Accelerating projects beyond the abilities and expertise of internal teams, cutting the cost of IT services and increasing operational efficiency - your business can reap substantial benefits while outsourcing your software development.
In the previous articles of the Outsourcing Challenges series, we've covered the best practices of hiring an effective offshore software development team. You can also find out how to choose an optimal team composition and transfer your knowledge to the new team for a smooth start and trouble-free project delivery. Check out the links below.
However, to ensure your outsourcing project is a success, you need to set the things up correctly from the very start of the cooperation. Failing to notice red flags in your software development contract can put your organisation in a bind. The main takeaway is that you need to make sure your software development agreement correctly defines two critical aspects:
Project governance. Who is responsible for project management? In other words, who is going to overseeing the project in terms of scheduling and delivery timeframe?
Scope of work. The services and the deliverables your vendor is going to provide.
If your contract doesn't provide clear answers to these questions, you risk being charged a substantial amount in additional fees with no legal recourse.
Three types of software development contracts
A software development contract consists of legal documents that contain specific details of what your organization is expecting from a vendor. Types of arrangements can vary depending on the engagement model you choose for your project. These models typically fall within three types:
Dedicated engineering team contract
This cooperation model is ideal for long-term projects that have a more ambiguous scope in which a hired team acts as an extension of your organization.
Time and material contract
These widespread contracts are frequently used for work on a specific project limited in time with a loosely defined scope. With this type of cooperation model, you maintain full control over the project and only pay for the amount of work done.
Product development model with a fixed-price contract
As the name implies, a vendor will return a specific service or deliverable for a particular price. Fixed-price contracts are best for small-to-medium projects with the predefined scope of work in which your organization prefers to maintain minimal control over the development process.
Software development contract red flags you need to watch
As a first step, potential vendors shall undergo the due diligence process to ensure the selected company has the skillset and integrity necessary to become enduring and trusted partner, says Andrii Volos, Legal Counsel at ELEKS.
Red flags may pop up when the agreement isn't specific enough or when it lacks transparency. Here's the extended list of the potential issues you need to be aware of:
The scope of the fixed price project is not clearly defined
A correct contract is very specific from the beginning as to what services are going to be provided and what work is to be done. If in fixed-price involvements any of this information is loosely defined, you're looking at a big red flag.

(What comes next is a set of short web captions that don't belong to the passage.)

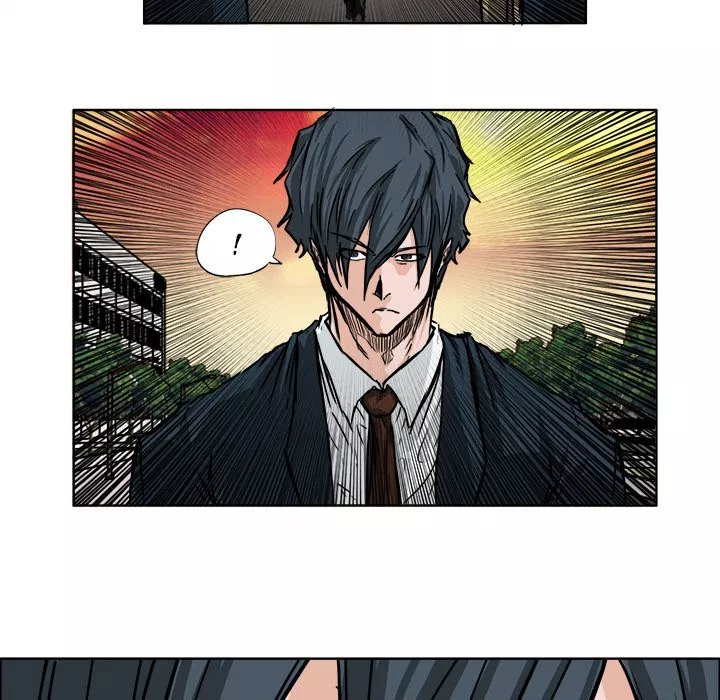 Boss in School Chap 46 - Next Chap 47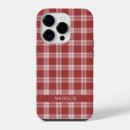 Search for plaid pattern iphone cases Cute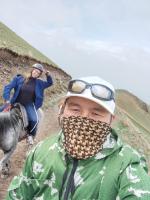 "Jumgal travel" guest house - B&B Kyzart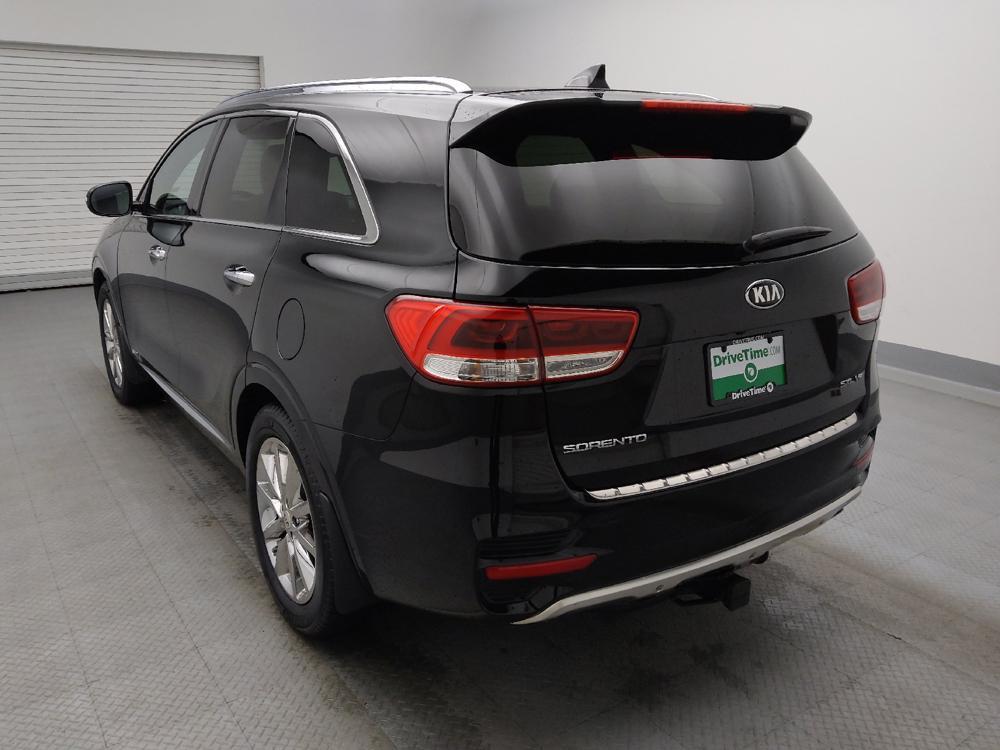 used 2017 Kia Sorento car, priced at $20,295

Client's and vendor's responsibilities are defined vaguely
The project should have necessary oversight to keep both costs and scheduling managed. Good services contract shall clearly identify the specific obligations of each party.
The arrangement doesn't specify quality expectations
A contract without a service level agreement or warranty for software quality expectations is a red flag.
No acceptance criteria predefined
Whet project scope is clearly defined, the contract shall contain the procedure to ensure that deliverables comply with the agreed specification. Final payment (usually something like 20 percent) is often linked to the successful acceptance.
Personnel skillset issues
Vendor shall be contractually required to assign to the project only specialists with relevant experience and necessary skillset.
Cost and payment terms are loosely defined
Unless the contract establishes explicitly the work being done and what you are going to pay for it, you may end up with an incomplete product or get stuck with overage charges for uncovered work. The contract also needs to establish an invoice and payment policy.
There's no indemnification
Professional service contracts shall at least include the clause protecting the Client from claims that may arise if the vendor infringes the copyright of a third party.
There's no liability cap
Unless the contract clearly states each side's liability throughout the project, both your organization and the vendor run the risk of paying the entire bill when a project result is unsatisfactory.
There's no transfer or handover process
The contract needs to be clear about how ownership of the project will move after completion or in the event of a contract dissolution.
It doesn't set notice periods
The contract should be clear on how much advance notice the vendor needs to give concerning any changes to or the demise of the project.
Code ownership is not defined
It's a huge red flag when the contract doesn't state that your business owns the code or the deliverables. Without establishing ownership, you can lose control of your software if the vendor exits.
The contract doesn't legally protect you
The software development agreement should cover data security and confidentiality with non-disclosure agreements when necessary. The document also needs to include a non-solicitation cause so the vendor can't poach your employees after a job. The agreement should set international jurisdiction, dispute resolution.